Original article was published by Jitendra Singh Balla on Deep Learning on Medium
How is Machine Learning used in the LinkedIn Recruiter Recommendation System
Let’s find out!
Primary reason LinkedIn users are active on the platform for job recruitment efforts. With more than 20 million companies listed on the site and 14 million open jobs, it’s no surprise to find out that 90% of recruiters regularly use LinkedIn.
In fact, a study found that 122 million people received an interview through LinkedIn, with 35.5 million having been hired by a person they connected on the site.
Heavy Usage of ML and DS:
In addition to nurturing one of the richest datasets in the world, LinkedIn has been constantly experimenting with cutting edge machine learning techniques and pushing the boundaries of research and development.
Specifically, LinkedIn Recruiter is the product that helps recruiter build and manage a talent pool that optimizes the chance of a successful hire.
This product by LinkedIn needs to handle arbitrarily complex queries and filters and deliver results that are relevant to specific criteria.
LinkedIn has built a search stack on top of Lucene called Galene, and contributed to various plug-ins, including capability to live-update search index. The search index consists of two types of fields:
- The inverted field: a mapping from search terms to the list of entities (members) that contain them.
- The forward field: a mapping from entities (members) to metadata about them.
These search index fields contribute to the evaluation of machine learning feature values in search ranking. The freshness of data in the search index fields is also of high importance for machine learning features.
The Ranking Model:
The Recruiter search experience is based on an architecture with two fundamental layers.
- L1: Scoops into the talent pool and scores/ranks candidates. In this layer, candidate retrieval and ranking are done in a distributed fashion.
- L2: Refines the short-listed talent to apply more dynamic features using external caches.
- The Galene broker system fans out the search query request to multiple search index partitions.
- Each partition retrieves the matched documents and applies the machine learning model to retrieved candidates.
- Each partition ranks a subset of candidates, then the broker gathers the ranked candidates and returns them to the federator.
- The federator further ranks the retrieved candidates using additional ranking features that are dynamic or referred to from the cache — this is the L2 ranking layer.
Finding A Good Fit:
Another challenge of the LinkedIn Recruiter experience is to match candidates with related titles such as “Data Scientist” and “Machine Learning Engineer”. This type of correlation is hard to achieve by just using Gradient Boosted Decision Trees(GBDT). To address that LinkedIn introduced representation learning techniques based on network embedding semantic similarity features.

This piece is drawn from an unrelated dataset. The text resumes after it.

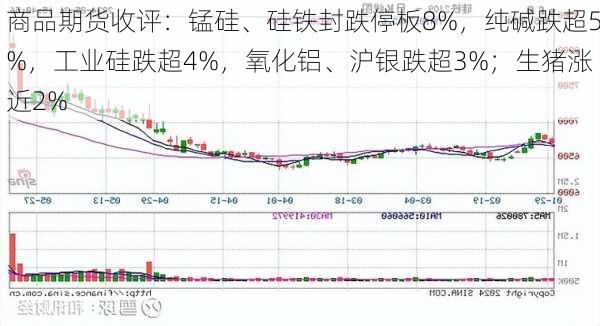 商品期货收评：锰硅、硅铁封跌停板8%，纯碱跌超5%，工业硅跌超4%，氧化铝、沪银跌超3%；生猪涨近2%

In this model, search results will be complemented with candidates with similar titles based on the relevance of the query.
Machine Learning Methodologies used :
- Non-linear modelling with Gradient Boosted Decision Trees.
- Context-aware ranking with pairwise learning-to-rank.
- Deep and representation learning.
- Large-scale information Network Embedding.
- Entry-level personalization with Generalized Linear Mix (GLMix).